Dataset items
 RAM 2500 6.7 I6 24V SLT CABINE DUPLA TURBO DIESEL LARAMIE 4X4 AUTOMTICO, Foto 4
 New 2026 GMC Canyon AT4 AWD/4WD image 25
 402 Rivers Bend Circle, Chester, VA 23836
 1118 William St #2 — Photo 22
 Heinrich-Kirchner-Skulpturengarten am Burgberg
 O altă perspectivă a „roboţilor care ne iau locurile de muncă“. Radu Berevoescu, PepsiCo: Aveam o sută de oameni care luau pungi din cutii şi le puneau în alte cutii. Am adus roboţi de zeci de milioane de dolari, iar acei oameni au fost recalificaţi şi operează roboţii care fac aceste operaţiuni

What the task asks:
Exactly as written, please reproduce the lines from the first line of the data to the line containing "Heinrich-Kirchner-Skulpturengarten am Burgberg", inclusive, and nothing else.

Answer to the problem:
 RAM 2500 6.7 I6 24V SLT CABINE DUPLA TURBO DIESEL LARAMIE 4X4 AUTOMTICO, Foto 4
 New 2026 GMC Canyon AT4 AWD/4WD image 25
 402 Rivers Bend Circle, Chester, VA 23836
 1118 William St #2 — Photo 22
 Heinrich-Kirchner-Skulpturengarten am Burgberg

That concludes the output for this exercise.